Cover Photo: Shayne Lynn

The Newschoolers forums have a special place in skiing. A unique location, where you can see the totally clueless discuss skiing's news and trends with the biggest names in the ski industry. With astonishing regularity they throw up absolute gems of posts which we want the world to see. This is one from Jason Levinthal on the current situation at K2 is a case in point:

I worked for 7 years at K2 Sports. I've done everything from building skis in my garage, to operating a small and medium size private ski company, sold it twice to keep it afloat and now have gone back to a startup boutique ski company selling exclusively direct at Jskis.com. So over the past 20 years I've worked on every side and for every size ski business. My biggest take away from all of it is that winter sports brands never have, and never will match a public company's financial goals due to their seasonality and limited market size. This is a fact!

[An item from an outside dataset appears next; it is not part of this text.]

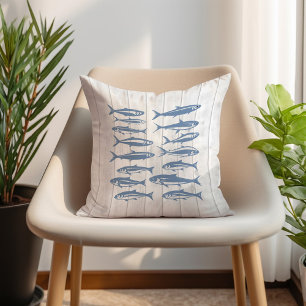 Blue Sardines Sea Life Ocean Nautical White Wood  Cushion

Public companies exist for one simple reason, to make more money every year. As an investor or shareholder you can't disagree with this. Reality is, the ski industry is not growing, it's shrinking so the only way to accomplish annual growth is by spending less while selling the same. In a flat business this can only be accomplished by making cheaper product, reducing the number of employees, reducing athlete and media support, less marketing, ultimately investing less and less of the money made back into the brand and the sport. This leads to an automatic death spiral driving sales down, thus requiring more cutting and so on. Eventually the public company comes to the conclusion that they are done squeezing blood from a rock and it's time to sell it and look for the the next brand to purchase to do the same. Successful public companies know that the best brands sell the same product year round for decades to 100% of the population, everywhere on earth (paper towels, shoes, toothpicks, etc.). The ski industry sells to a tiny niche of consumers, for only 5 months a year... and only if it snows!

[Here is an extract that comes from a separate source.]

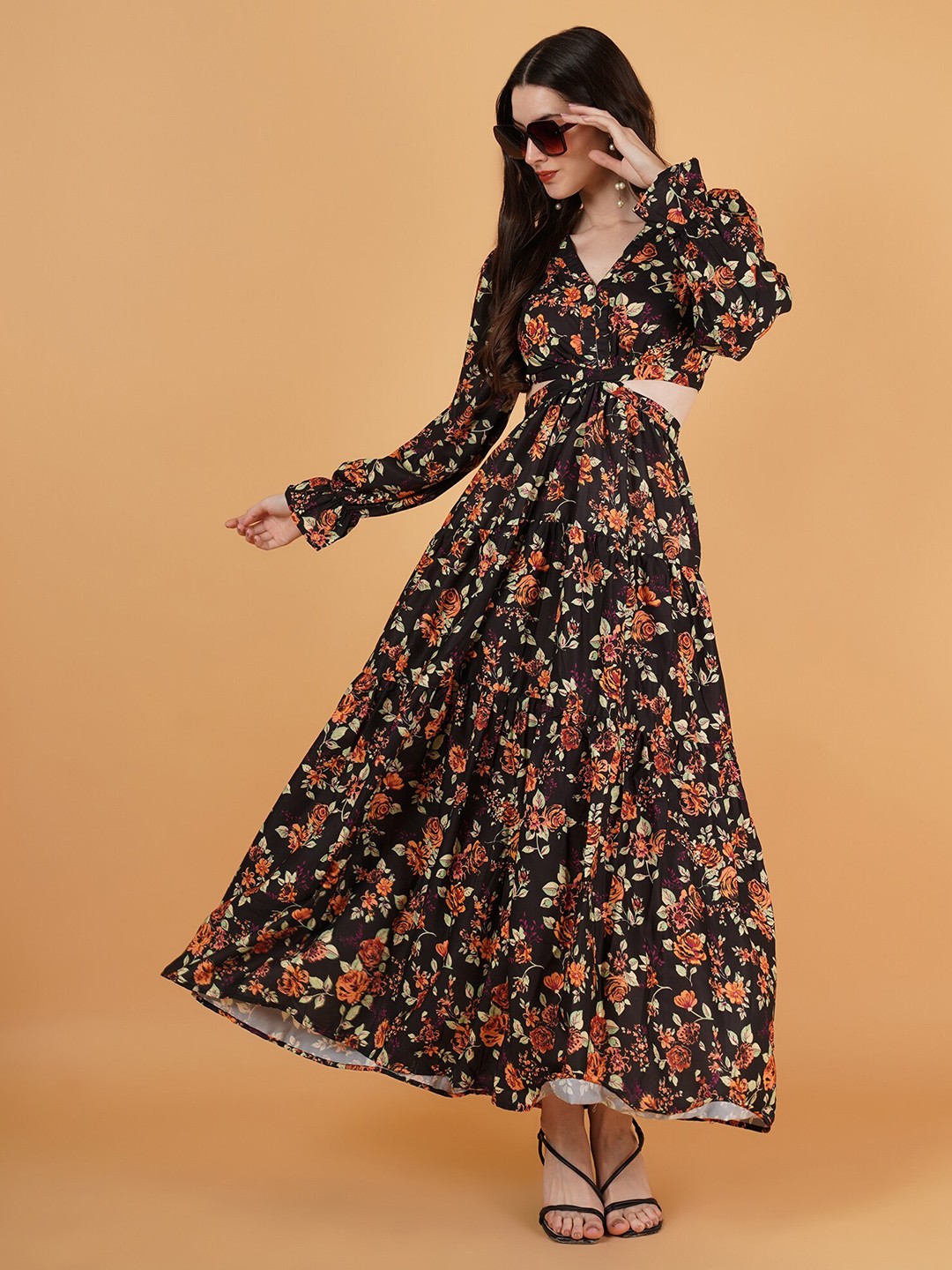 

Kushi Flyer Floral Print Crepe Maxi Dress, Black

That said as you all know, the passion of winter sports consumers is second to none and is the reason that these brands do have a strong future and they can be very profitable IF managed correctly, which requires being privately owned. For this reason selling these brands is inevitable and can be an amazing opportunity and long term best for the brands and the ski industry.

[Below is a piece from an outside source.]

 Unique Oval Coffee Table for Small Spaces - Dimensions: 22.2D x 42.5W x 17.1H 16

The problem however is that Newell's goals are not driven by what's best for the brands, they want to sell it as as one giant conglomerate for efficiency and cost savings of doing one deal. I've talked to Newell directly this past week inquiring about the potential to buy Line and FT and they confirmed it will only be sold all as a whole, no option for someone to buy a single brand/brands, this includes the Euro division as well.

Thus it's unlikely the brands will be in any better hands than now and likely worse similar to when Quicksilver bought Rossignol and ran them into the ground before a private equity firm bought them back and got them back on track to where they are today. My guess is whoever buys it will either immediately break them up and sell individually to make profit or try to live the ski industry dream for a couple of years before bleed to death and eventually give in to re-sell separately or as a whole again down the road for even less.

I truly believe each and every brand has amazing potential to be sustainable stand alone or part of the right group if owned & operated by the right people. The industry can be rejuvenated with the profit made, being reinvested back into the sport (instead of wall street) so we actually have a chance of our sport not only surviving but growing (climate change aside). So if anyone has access to a couple hundred million dollars, hit me up and we can take a crack at saving 30% of the ski industries brands with the power to fix a lot of what's broken in skiing and snowboarding.